Konstantin Vasilyevich Gerchik (, September 27, 1918 – June 24, 2001) was a Soviet military leader, Colonel-General of the Soviet Army, Professor of the Academy of Military Sciences of Russia, a veteran of the Great Patriotic War, and the second head of the Baikonur Cosmodrome (1958–1961).

Biography 
Gerchik was born on 27 September 1918 and in the village of Soroki (Slutsky Uyezd, Minsk). He was in the Red Army from 1938, then enrolled in the 2nd Leningrad Artillery School, graduating in 1940.

He took part in the battles of the Great Patriotic War from the first days. After the victory Gerchik entered the Artillery Academy named after F. E. Dzerzhinsky, graduated from it, then taught General tactics and tactics of artillery in this school. 

In 1957, Gerchik was appointed chief of staff of the Baikonur cosmodrome. On 2 July 1958 he became the head of the cosmodrome. On 8 May 1960 he was promoted to Major general.

Accident at the cosmodrome 

On October 24 1960 in the time of the accident at the 41 site of the spaceport, Gerchik together with his Deputy, Alexander Mrykhin, a Lieutenant general subsequently a Hero of Socialist Labour was in the vicinity of the outbreak missiles R-16.

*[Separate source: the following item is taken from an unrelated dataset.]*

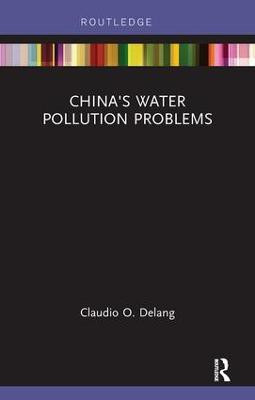 China's Water Pollution Problems(English, Paperback, Delang Claudio)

During the disaster, Chief marshal of the branch M. I. Nedelin and about 70 people were killed. Gerchik was saved from death by the body of the rocket, which blocked the flame from the working engines of the second stage to burn out the immediate vicinity of the rocket. Still Konstantin Vasilyevich got severe burns when he ran away from the burning rocket. After the incident, General Gerchik was in critical conditions, but survived, then for a long time he was treated in hospitals.

Further biography 

After cure in 1961 K. V. Gerchik became the chief of the formed Central Command Post of Strategic Missile Forces (RVSN), at the same time he became the Deputy chief of the General staff RVSN for combat management. In 1963 he became the chief of staff of a missile army. In 1968, Gerchik was awarded the rank of [Lieutenant General] and in the same year he graduated from the Higher academic courses at Military Academy of the General staff.

Since 1972 he was the commander of the Smolensk missile army. In 1976 was promoted to the rank of Colonel general.

In 1979 he retired from the military. He worked in several scientific institutes, including the institutions of the USSR Academy of Sciences. 

Since 1991 he is the Chairman of the Interregional Council of Baikonur Cosmodrome veterans.

In 1996, for his great personal contribution to the development of Russian cosmonautics K. V. Gerchik received official thanks from the President of Russian Federation .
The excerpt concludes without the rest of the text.